C’è un paio di scarpette Rosse

C’è un paio di scarpette Rosse


Questa poesia ruota attorno ad un paio di scarpe rosse numero ventiquattro nelle cui suole interne si vede ancora la marca di fabbrica “Schulze Monaco”. Un paio di scarpette normalmente utilizzate per i giorni di festa, ed ancora nuove, che un bambino di soli tre anni e mezzo calzava a Buchenwald, un campo di sterminio nazista, in Germania. Quelle scarpette erano in cima ad un mucchio di altre scarpette appartenenti a bambini che in quel luogo hanno trovato la morte. I nazisti facevano entrare genitori e bambini nelle camere a gas, con la scusa che li avrebbero sottoposti ad una doccia con successiva disinfestazione per farli entrare in un campo-gioco. Invitarono per altro i genitori a far avvicinare i bambini ai bocchettoni, per farli lavare meglio, ma da quelle aperture non usciva acqua, ma solo gas. Prima però, i bambini venivano fatti spogliare e rasare. La poetessa infatti scorge anche un mucchio di riccioli biondi, di ciocche nere e castane.

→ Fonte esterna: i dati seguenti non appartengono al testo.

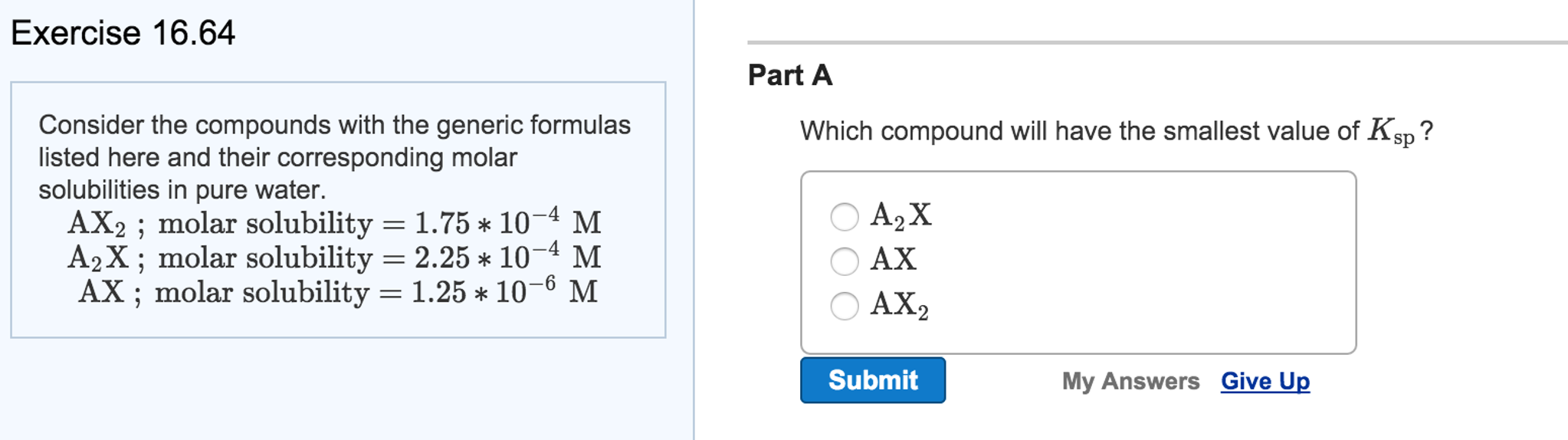 Solved Consider the components with the generic formulas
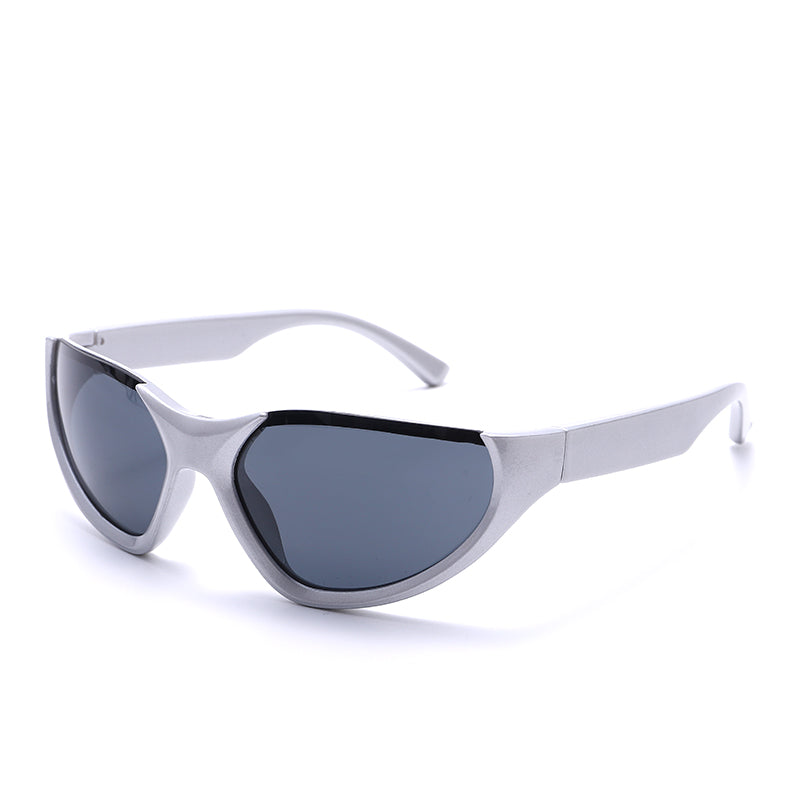 Mirror Round Clear Glasses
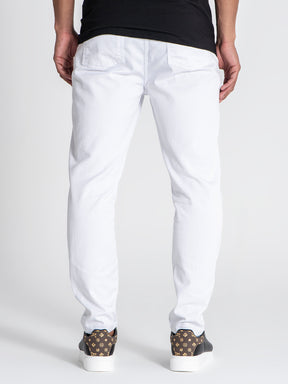 jeans / White Collage Jeans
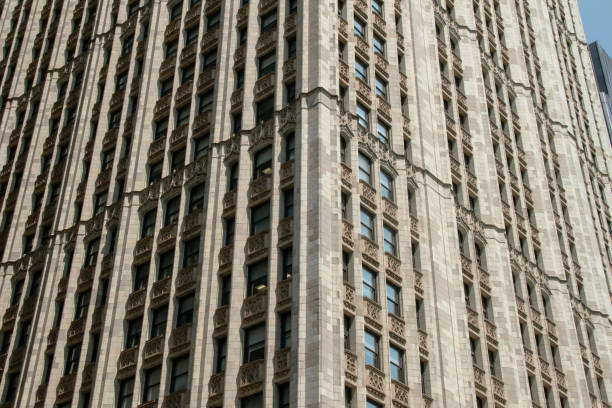 istock Building facades with windows, modern architecture, cityscape scenery 1718772405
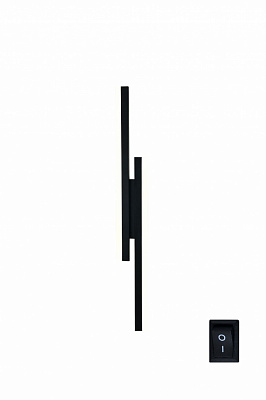 Светильник настенный Luminaria 17 Вт без цоколя черный BLADE 17W L500 BLACK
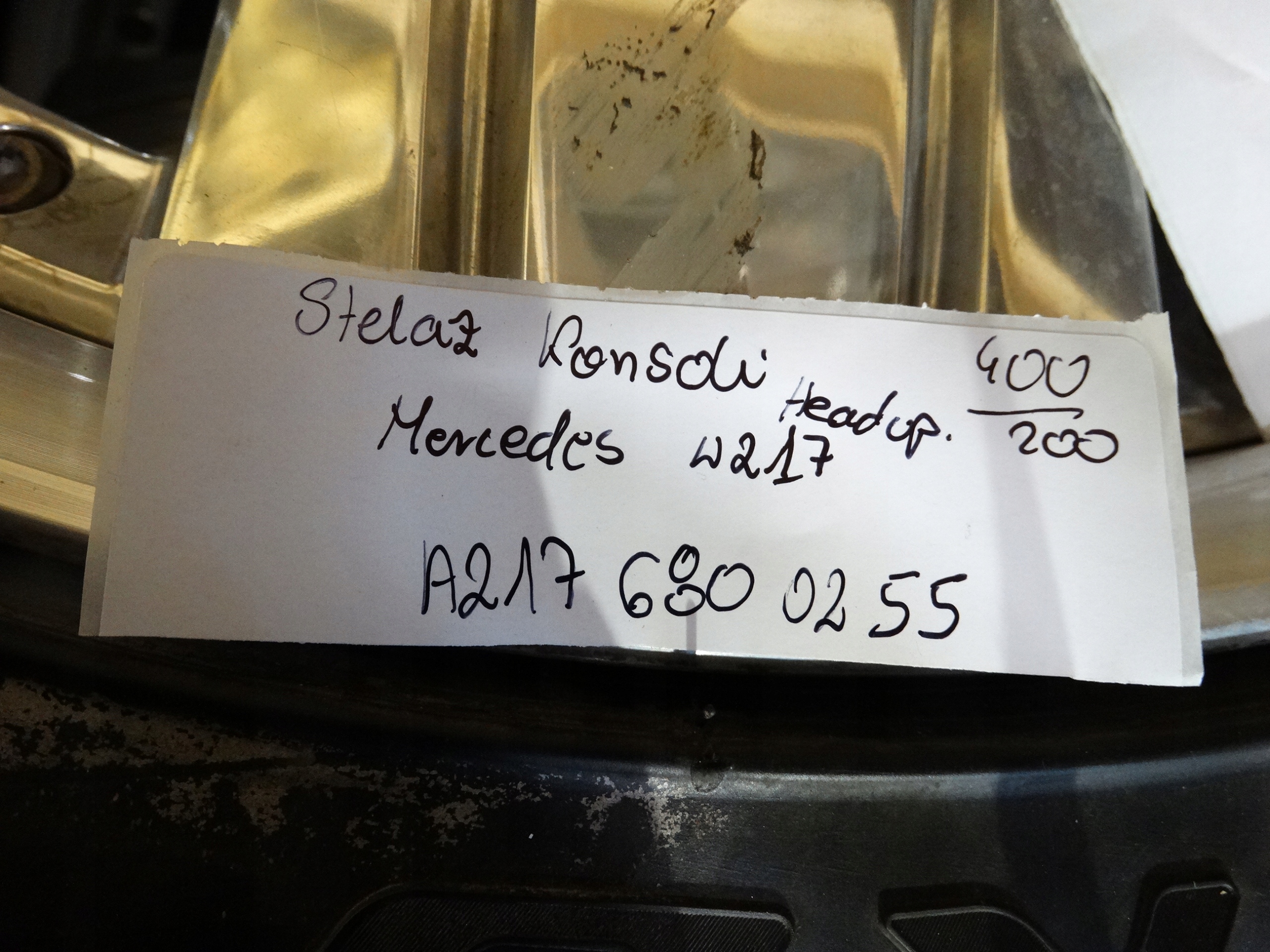 držač greda konzoli HEADUP MERCEDES W217 1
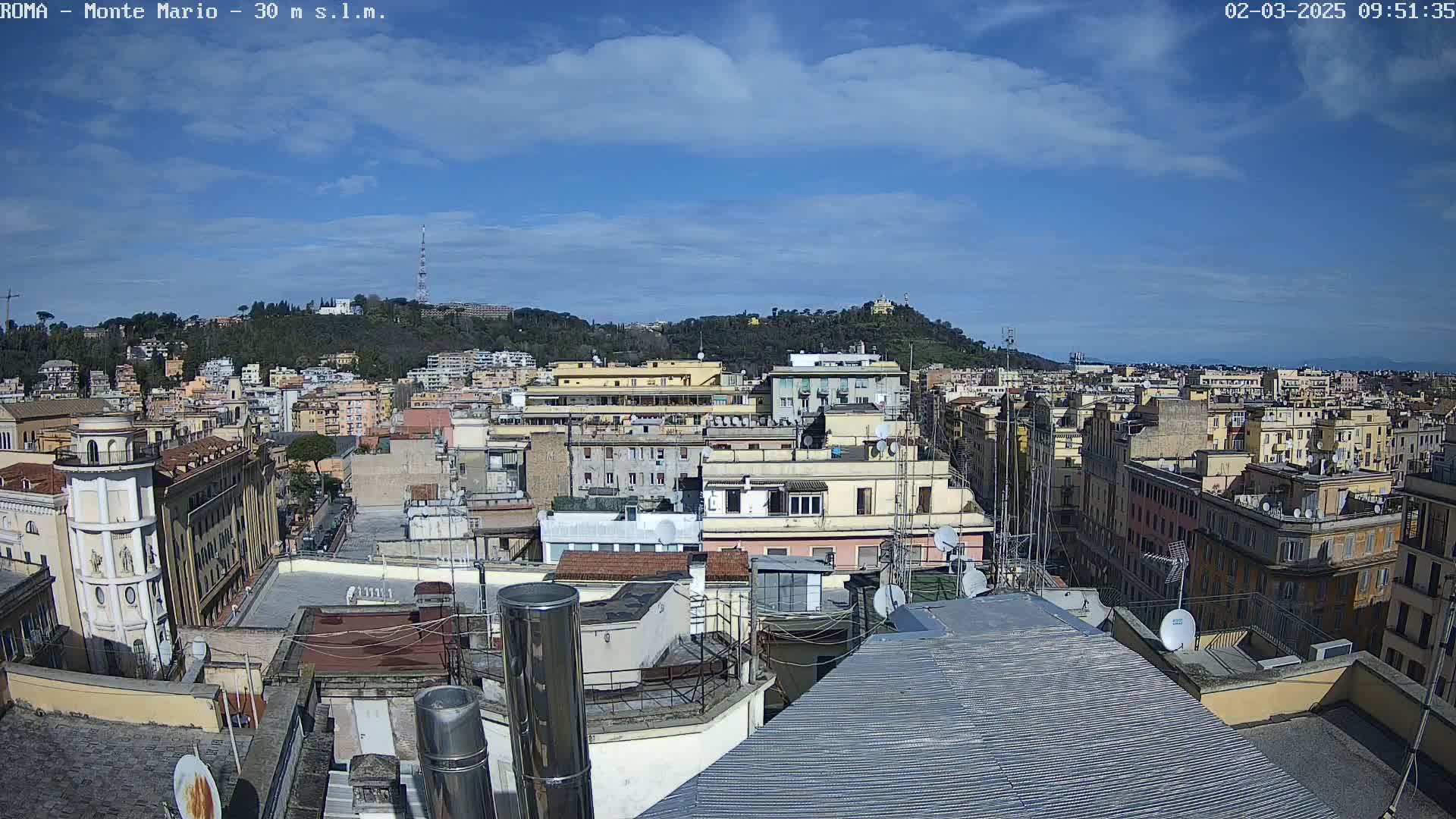 Rome, Mount Mario View Live Cam -Lazio, Italy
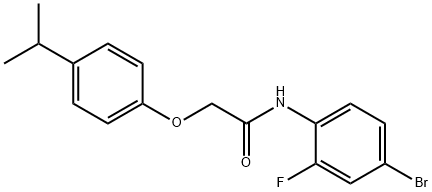 N-(4-bromo-2-fluorophenyl)-2-(4-isopropylphenoxy)acetamide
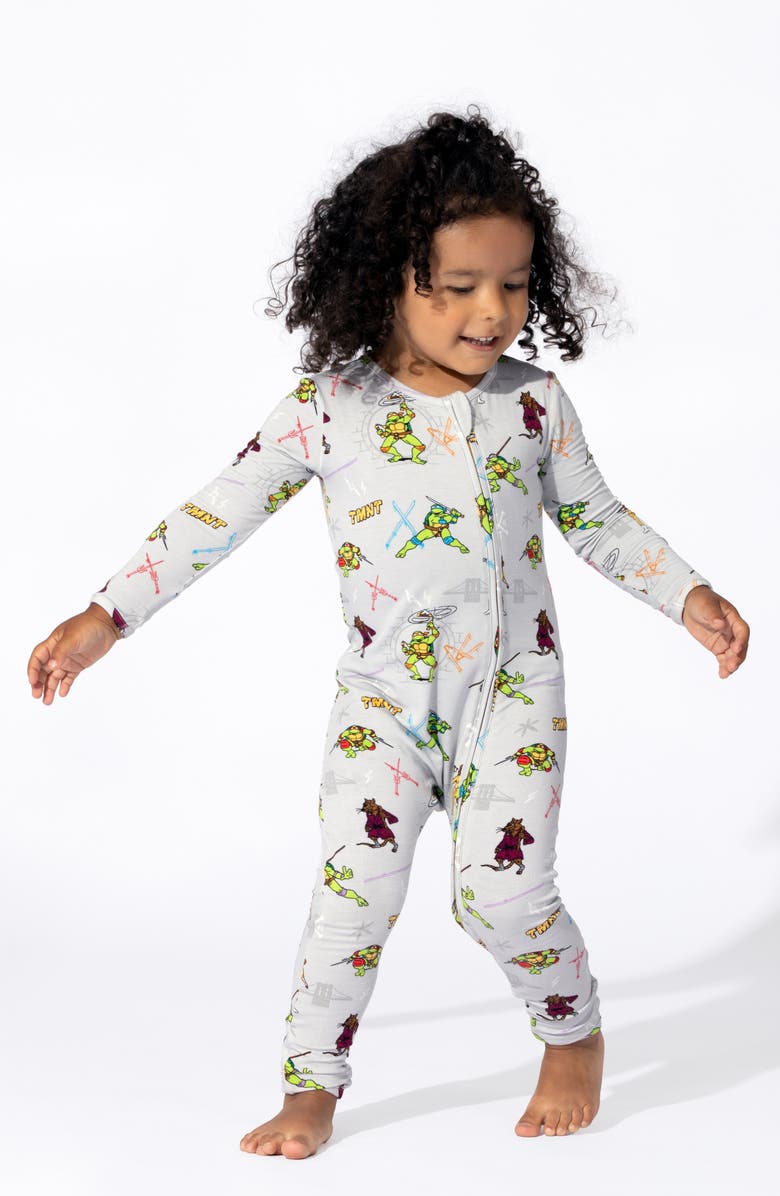 Bellabu Bear Kids' x Teenage Mutant Ninja Turtles Fitted Convertible Footie Pajamas, Alternate, color, 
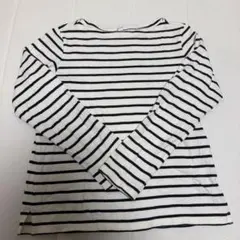 UNIQLO ストライプ 長袖Tシャツ Mサイズ
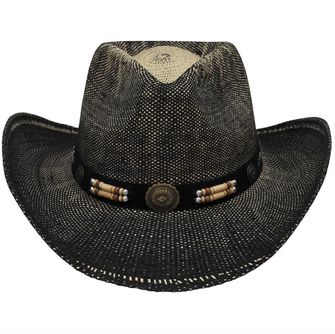 Fox Outdoor słomiany kapelusz Texas, czarny brązowy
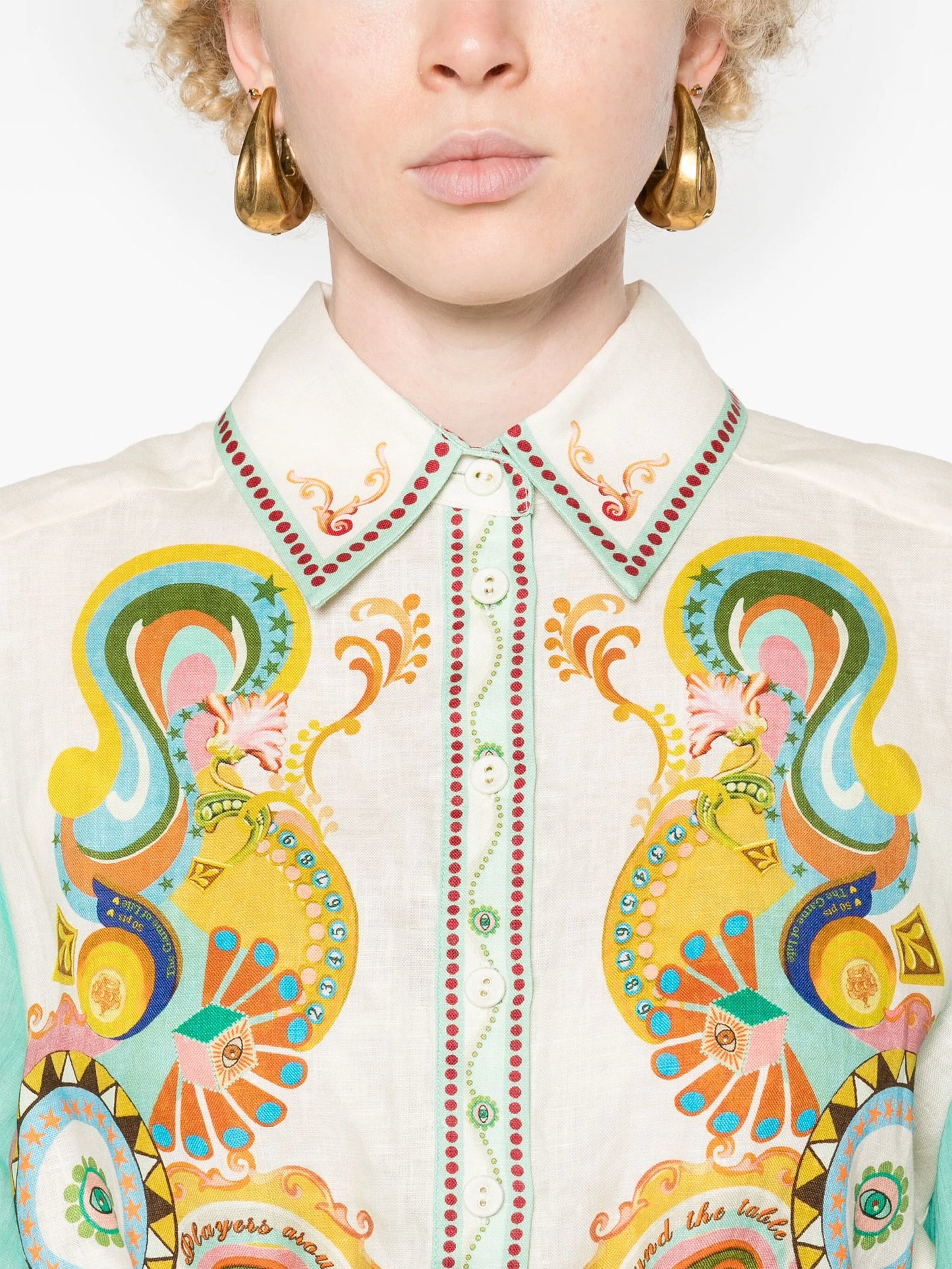 Pinball belted shirtdress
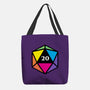 RPG CMYK Dice-None-Basic Tote-Bag-Studio Mootant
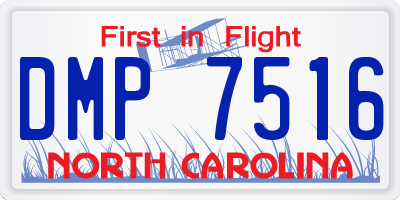 NC license plate DMP7516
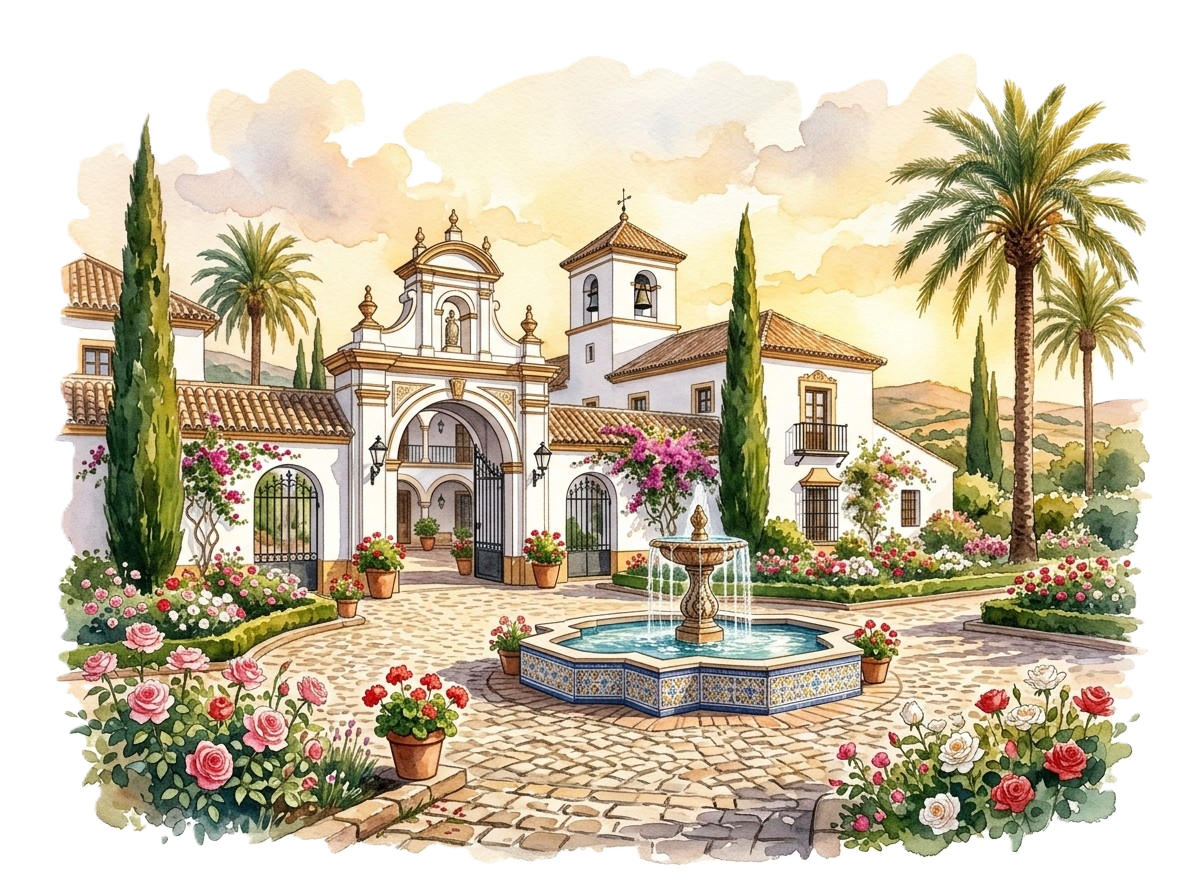 Acuarela Hacienda El Triunfo, Espartinas, Sevilla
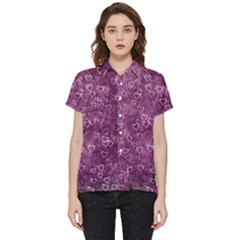 Background Purple Love Short Sleeve Pocket Shirt by nateshop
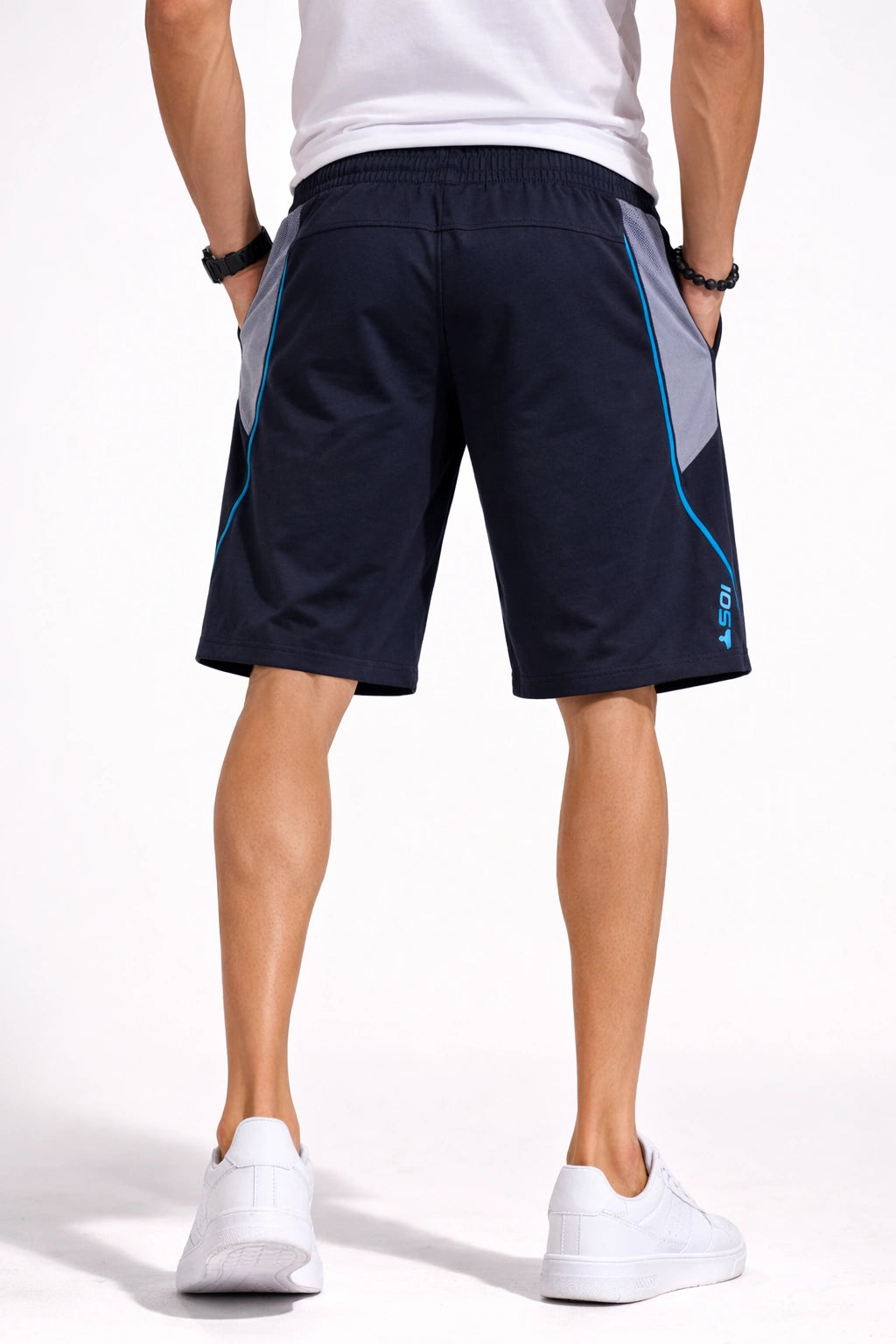 Men’s Navy Sports Shorts (INSIDE)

Joyce Lussu cita poi un altro sistema di morte usato dai nazisti: l’utilizzo dei forni crematori, infatti dice che probabilmente non riusciremo ad immaginare di che colore erano gli occhi di quel bambino bruciati dal forno, ma che riusciremo ad immaginare il suo pianto; un pianto che nessuno riuscirebbe a sopportare, che nessuno vorrebbe sentire e che io spero di cuore che nessuno in futuro dovrà sentire mai.
Questa poesia apparentemente dedicata ad un solo bambino è in realtà rivolta a tutti i bambini che furono uccisi. Di certo i nazisti usavano le persone come merce, utilizzando di loro qualsiasi parte del corpo, anche i capelli per farne coperte per i soldati.
Il tono con cui Joyce Lussu scrive la poesia è pacato, non c’è traccia di condanna nè di odio, ma questo paradossalmente ne fa aumentare il senso di orrore, se pensiamo che se solo uno di quei “burattini” manovrati da Hitler si fosse fermato a riflettere come ha fatto in questa poesia Joyce, probabilmente almeno uno di quei tanti bambini sarebbe ancora vivo.